───── Recorded data ─────

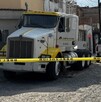 Tráiler detenido en una esquina con patrullas de la Policía de Tlaquepaque y del IJCF dentro de un área acordonada por una cinta policiaca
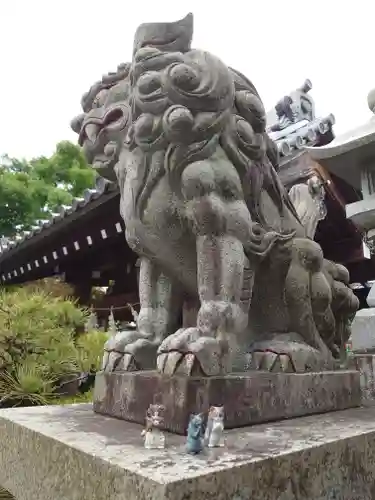 御嶽神社茅萱宮の狛犬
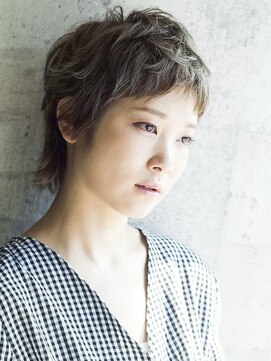 ロミー 本厚木(ROMMY.) ハンサムショート短め前髪ウルフパールベージュ◎20代~50代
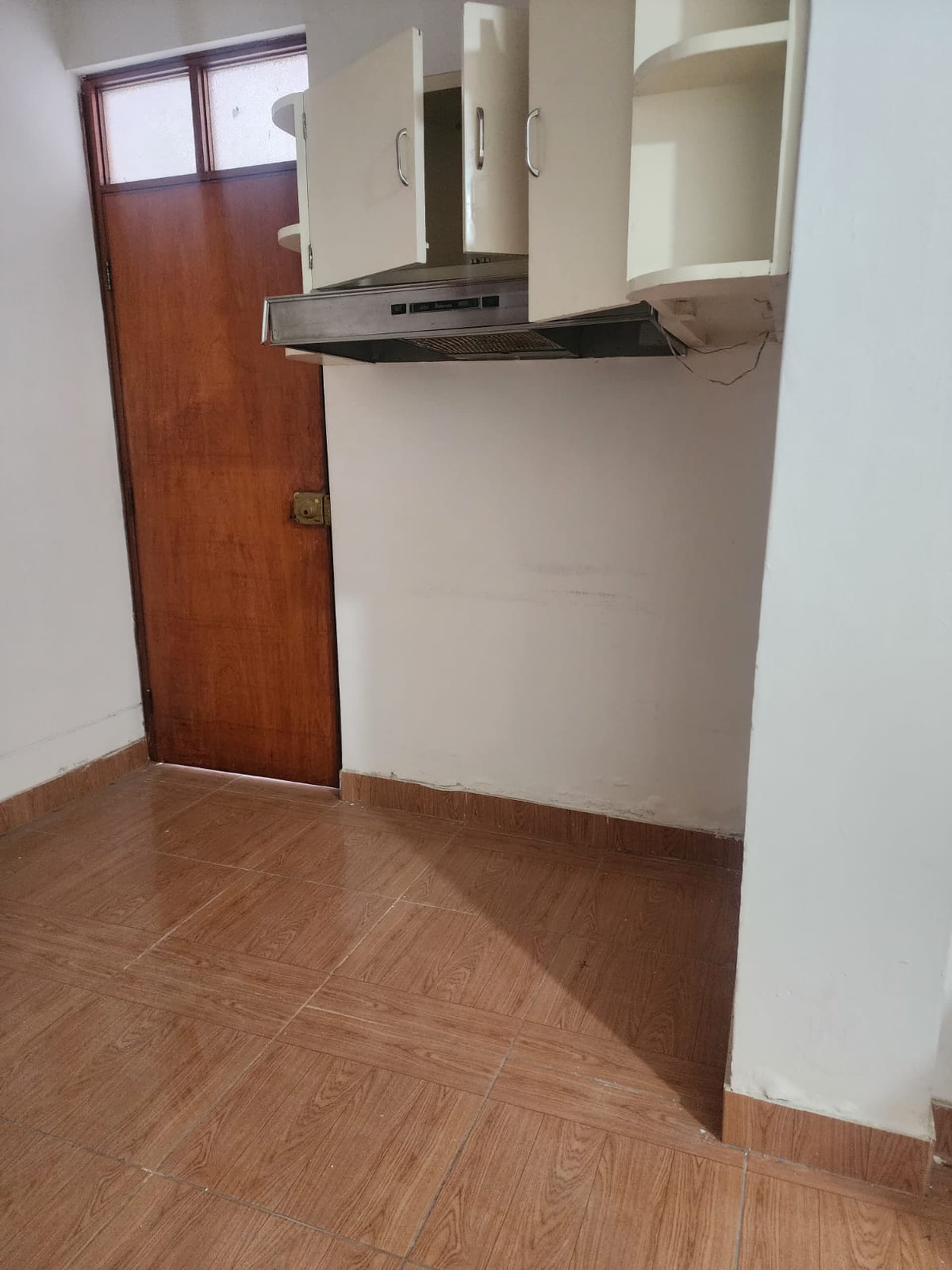 Vendo Amplia y Ubicadisima Casa - Urb. San José - Ica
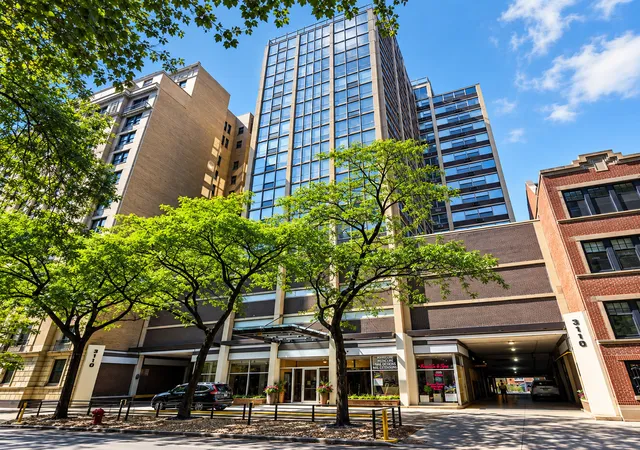 Condo for sale at 3110 N Sheridan Rd #1407, Chicago, IL 60657 | MLS# 12761991
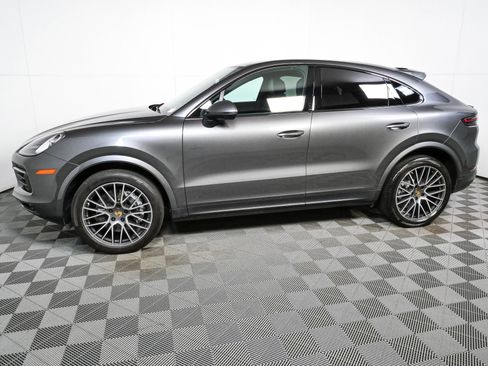 Certified 2022 Porsche Cayenne Coupe AWD/4WD image 2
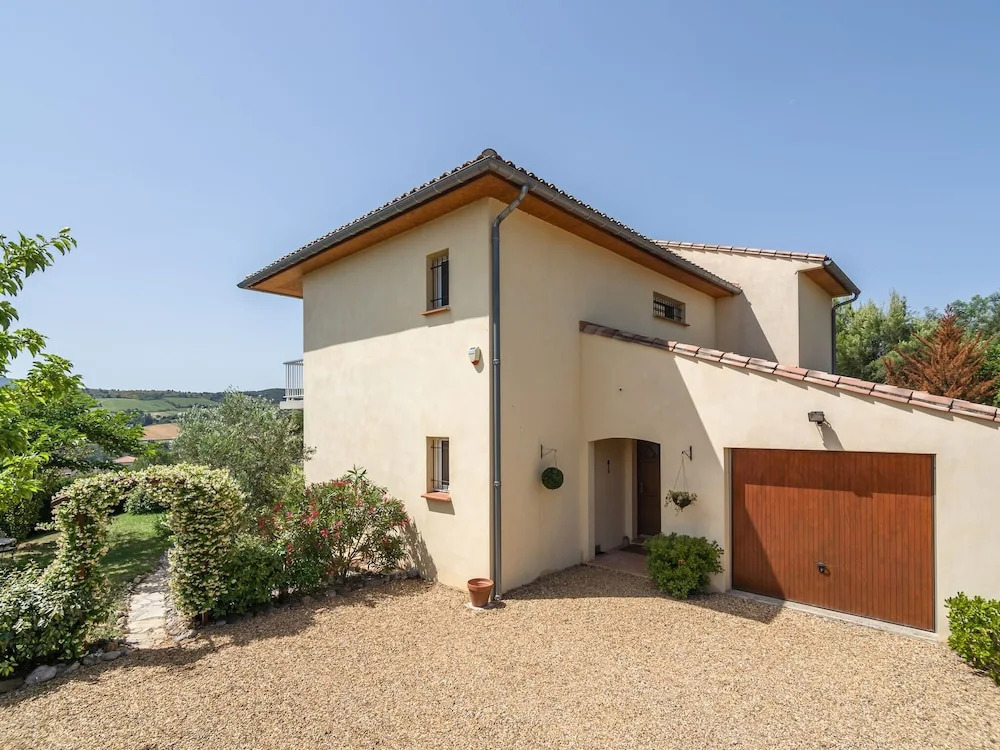 Villa in Limoux with Private Pool & Mountain Views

─────

* [About this exercise]: A word-for-word repeat is expected of the lines from the one with "ロミー 本厚木(ROMMY.) ハンサムショート短め前髪ウルフパールベージュ◎20代~50代" to the end of the data, both included; pictures are not part of it.

* [Output for this task]:
 ロミー 本厚木(ROMMY.) ハンサムショート短め前髪ウルフパールベージュ◎20代~50代
 Vendo Amplia y Ubicadisima Casa - Urb. San José - Ica
 Condo for sale at 3110 N Sheridan Rd #1407, Chicago, IL 60657 | MLS# 12761991
 Certified 2022 Porsche Cayenne Coupe AWD/4WD image 2
 Villa in Limoux with Private Pool & Mountain Views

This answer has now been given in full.